Labour unions representing Air France (AIRF.PA) cabin crew staff said they would go ahead with a 5-day strike planned for Oct. 25-29 after negotiations stalled over a dispute about salary reviews and working conditions.
The strike would coincide with the start of France’s half-term school holidays.
“The meeting yesterday morning with (Chief Executive Jean-Cyril) Spinetta led to a dead end... There is no new meeting planned. The strike is on,” Leon Cremieux of Sud Aerien, one of seven trade unions supporting the strike, told Reuters.
“Thirty percent of domestic and 30 percent of European flights have already been cancelled on Thursday.... This has been in the planning (roster) since this morning,” he said.
Air France said 90 percent of its French and European flights would be maintained across its network.
“For the company as a whole, 90 percent of short- and medium-haul flights will be ensured,” Air France spokeswoman Veronique Brachet said.
“We can regroup people into bigger planes and re-route others on other companies.
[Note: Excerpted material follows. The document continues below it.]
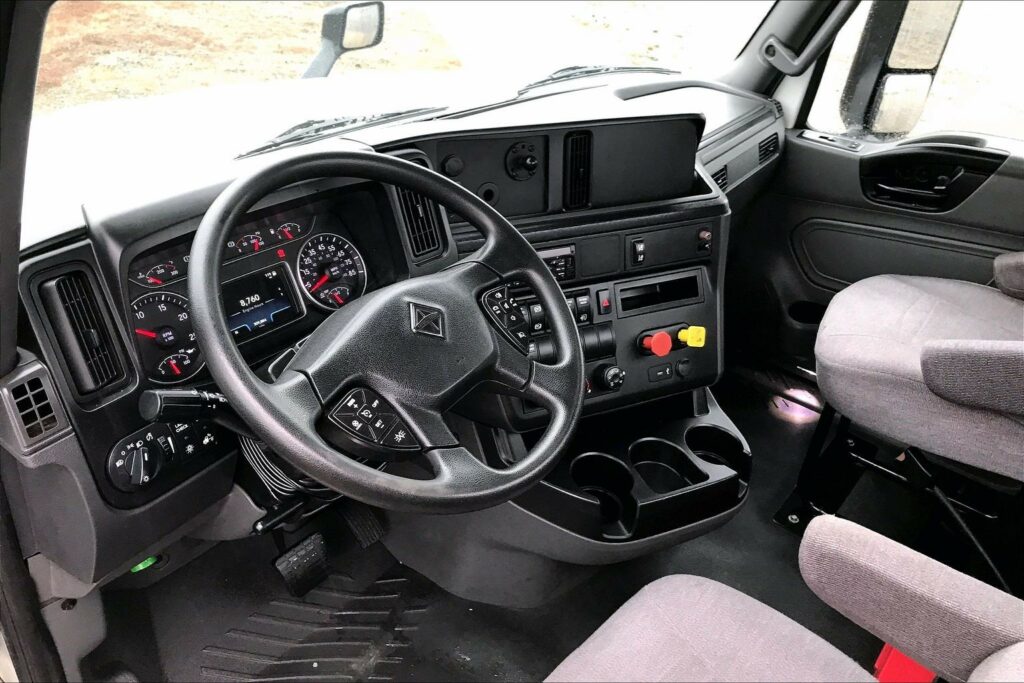 2021 CUM LT625 6×4 Day Cab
This means we have put in place all the means for that.”
The strike could cost Air France as much as 100 million euros ($142.2 million) a day, the CGT union said on Wednesday.
Representatives of three other unions contacted by Reuters could not confirm flight cancellation numbers, but said they expected a majority of Air France’s 14,500 cabin crew staff to go on strike.
“I think the management does not realise the level of discontent in the staff...Things are really brewing,” CGT representative Eyal Jonas told Reuters.
The seven unions calling the strike represent around 80 percent of cabin crew staff, according to unions.
Only one union, the UNAC, opposes the strike, while the CFDT, one of France’s largest unions, has called for a strike of only two days but said it supported the 5-day disruption.
At the heart of the dispute between Air France and cabin crew is the renegotiation of a framework agreement on salaries and working conditions due to expire at the end of 2007.
A separate dispute involving ground staff disrupted some flights out of Paris on Monday, passengers were told.
The disruption at Air France is unrelated to a nationwide strike over pensions which crippled train, metro and bus transport in France last week.
Shares in Air France-KLM (AIRF.PA), the world’s largest airline by revenue, were 0.2 percent higher at 25.84 euros by 1030 GMT.